Après une brève escale nocturne chez Nike, près de Jéricho, le groupe apostolique bravant l'interdit sabbatique, reprend la voie romaine du nord dans la vallée du Jourdain. C'est seulement lorsqu'ils se dirigent visiblement vers la Samarie que Jésus les informe : « À cette heure, on va lire dans les cinq cents et plus synagogues800 de Jérusalem et dans celles des villes qui ont pu recevoir le décret émis hier à sexte, que je suis le grand pécheur et que quiconque sait où je suis a le devoir de me dénoncer au Sanhédrin pour que je sois arrêté… »551.5. Et lorsqu'ils trouvent refuge à Ephraïm, le Seigneur leur précise : « Nous ne partirons d'ici que pour revenir à Jérusalem pour la Pâque »552.1. Quand à nouveau, le sabbat suivant Jésus se trouve contraint de marcher après le coucher du soleil, Judas feint de s'en offusquer. Jésus réplique : « J'ai marché après le coucher du soleil, mais mon Père m'en absoudra car j'ai accompli un acte de miséricorde »553.4 et Il ajoute « devant une nécessité sainte on doit savoir appliquer la loi avec souplesse d'esprit »553.5.

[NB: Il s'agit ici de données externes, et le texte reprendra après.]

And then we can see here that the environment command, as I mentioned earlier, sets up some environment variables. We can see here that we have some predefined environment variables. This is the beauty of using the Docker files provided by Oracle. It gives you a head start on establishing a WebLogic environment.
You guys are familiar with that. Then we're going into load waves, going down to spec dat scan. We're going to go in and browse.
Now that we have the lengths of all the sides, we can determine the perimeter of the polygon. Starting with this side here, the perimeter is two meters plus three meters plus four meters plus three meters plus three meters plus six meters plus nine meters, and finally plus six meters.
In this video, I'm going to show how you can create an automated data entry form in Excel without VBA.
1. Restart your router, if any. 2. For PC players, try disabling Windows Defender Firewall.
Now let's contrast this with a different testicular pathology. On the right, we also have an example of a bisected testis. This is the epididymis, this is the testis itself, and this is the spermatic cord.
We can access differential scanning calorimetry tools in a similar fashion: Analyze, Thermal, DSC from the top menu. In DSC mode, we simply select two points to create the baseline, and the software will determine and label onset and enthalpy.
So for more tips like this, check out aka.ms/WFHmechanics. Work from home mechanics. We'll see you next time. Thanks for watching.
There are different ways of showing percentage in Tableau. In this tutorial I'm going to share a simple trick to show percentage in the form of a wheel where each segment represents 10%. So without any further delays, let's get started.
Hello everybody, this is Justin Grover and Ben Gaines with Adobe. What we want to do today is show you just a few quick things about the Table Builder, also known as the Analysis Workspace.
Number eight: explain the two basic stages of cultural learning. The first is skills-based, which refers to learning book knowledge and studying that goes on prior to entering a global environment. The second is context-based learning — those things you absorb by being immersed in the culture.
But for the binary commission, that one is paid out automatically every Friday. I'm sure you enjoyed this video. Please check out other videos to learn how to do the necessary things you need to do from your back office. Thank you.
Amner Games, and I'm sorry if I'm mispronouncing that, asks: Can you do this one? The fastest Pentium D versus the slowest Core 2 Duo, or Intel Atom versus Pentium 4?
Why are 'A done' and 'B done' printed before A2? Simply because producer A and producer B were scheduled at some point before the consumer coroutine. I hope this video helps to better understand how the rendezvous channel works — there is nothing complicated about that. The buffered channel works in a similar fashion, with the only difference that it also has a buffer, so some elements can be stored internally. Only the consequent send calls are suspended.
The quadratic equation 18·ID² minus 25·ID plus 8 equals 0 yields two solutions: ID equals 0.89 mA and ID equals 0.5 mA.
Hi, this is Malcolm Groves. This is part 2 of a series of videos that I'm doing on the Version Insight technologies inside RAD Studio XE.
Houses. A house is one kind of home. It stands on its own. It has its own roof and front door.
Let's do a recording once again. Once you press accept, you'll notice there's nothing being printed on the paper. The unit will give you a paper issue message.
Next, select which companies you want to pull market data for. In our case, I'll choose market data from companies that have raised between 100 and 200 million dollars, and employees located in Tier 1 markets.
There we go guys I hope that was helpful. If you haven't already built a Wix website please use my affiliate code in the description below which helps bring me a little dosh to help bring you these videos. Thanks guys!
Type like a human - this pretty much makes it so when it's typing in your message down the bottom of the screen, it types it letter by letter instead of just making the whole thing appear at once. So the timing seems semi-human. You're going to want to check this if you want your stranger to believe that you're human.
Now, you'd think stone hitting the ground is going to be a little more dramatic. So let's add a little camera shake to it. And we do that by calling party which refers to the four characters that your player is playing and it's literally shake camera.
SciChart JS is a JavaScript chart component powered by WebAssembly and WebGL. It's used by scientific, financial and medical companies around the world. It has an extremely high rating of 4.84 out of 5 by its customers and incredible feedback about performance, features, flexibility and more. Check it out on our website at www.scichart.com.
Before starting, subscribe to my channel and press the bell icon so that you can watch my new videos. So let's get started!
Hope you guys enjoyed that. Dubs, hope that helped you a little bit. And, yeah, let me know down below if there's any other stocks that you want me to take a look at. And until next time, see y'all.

Chaque sabbat est une occasion pour faire méditer les apôtres sur les textes sacrés, et pour leur en expliquer le sens véritable. Ainsi par exemple, commentant l'épisode biblique du bouillon imbuvable(2 Rois 4,38-41), Jésus soumet aux siens ce beau sujet d'exégèse : « que signifie pour vous la farine qui enlève l'amertume à la soupe des fils des prophètes ? »554.8. Pourrait-on honnêtement envisager que Maria Valtorta ait « imaginé » la réponse donnée par Jean ? Tout au long du séjour à Ephraïm, de tels exemples se répètent régulièrement, et sont souvent, pour les uns et les autres l'occasion d'approfondissement de la doctrine du Christ et la préparation à leur future mission. Une fois Jésus annonce à Pierre : « Un jour, et il ne se passera pas des années, toi, ainsi que tes compagnons, vous devrez écouter les confidences des cœurs, non pas comme vous les écoutez maintenant en tant qu'hommes, mais comme Prêtres, c'est-à-dire Médecins, Maîtres et Pasteurs des âmes, comme Moi, je suis Médecin, Maître et Pasteur. Vous devrez écouter, décider et conseiller. Votre jugement vaudra comme si Dieu même l'avait prononcé… »555.2. La réaction de Pierre est immédiate : « Cela n'est pas possible, Seigneur. Ne nous l'impose jamais. Comment veux-tu que nous jugions comme Dieu si nous ne savons même pas juger comme hommes ? »555.2. Et Jésus lui indique comment juger les fautes avec justice et comment pardonner inlassablement celui qui se repend... Puis Il ouvre l'esprit de l'apôtre au sens de la souffrance et du sacrifice.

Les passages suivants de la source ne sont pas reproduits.